Se a ficção-científica é a mitologia da tecnologia moderna, então seu mito é


trágico. “Tecnologia” ou “ciência moderna” (usando as palavras como elas
frequentemente são usadas, como um atalho irrefletido denotando as ciências “duras” e a
alta tecnologia fundada sobre o contínuo crescimento econômico) são um
empreendimento heroico, hercúleo, prometeico, concebido como triunfo, logo, em última
instância, como tragédia. A ficção que incorpora este mito será e tem sido triunfante (o
Homem conquista a terra, o espaço, aliens, a morte, o futuro etc.) e trágica (apocalipse,
holocausto, no passado e agora).

Se, entretanto, evitamos o modo linear, progressivo, de flecha-(matadora)-do-


tempo do Tecno-Heroico, e redefinimos tecnologia e ciência primariamente como bolsas
culturais em vez de armas de dominação, um agradável efeito colateral é que a ficção
científica pode ser vista como um campo menos rígido e estreito, não necessariamente
prometeico ou apocalíptico de modo algum, e, de fato, menos um gênero mitológico que
realista.

É um realismo estranho, mas é uma realidade estranha.

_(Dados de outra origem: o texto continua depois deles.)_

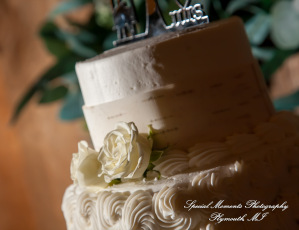 Jessica & Michael Day 1 at Westers Family Vineyard & Winery Rives Junction MI wedding photograph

A ficção científica devidamente concebida, como toda ficção séria, mesmo a


engraçada, é um modo de tentar descrever o que de fato está se passando, o que as pessoas
efetivamente fazem e sentem, como as pessoas se relacionam com tudo o mais neste vasto
saco, esta barriga do universo, este útero de coisas a ser e tumba de coisas que foram, essa
estória sem fim. Nela, como em toda ficção, há espaço suficiente para manter até mesmo
o Homem no lugar a que ele pertence, em seu lugar no esquema das coisas; há tempo
suficiente para coletar aveias selvagens suficientes e semeá-las também, cantar para a
pequena Oom e ouvir à piada de Ool e assistir a salamandras e ainda assim a estória não
acaba. Ainda há sementes para ser coletadas e espaço na bolsa de estrelas.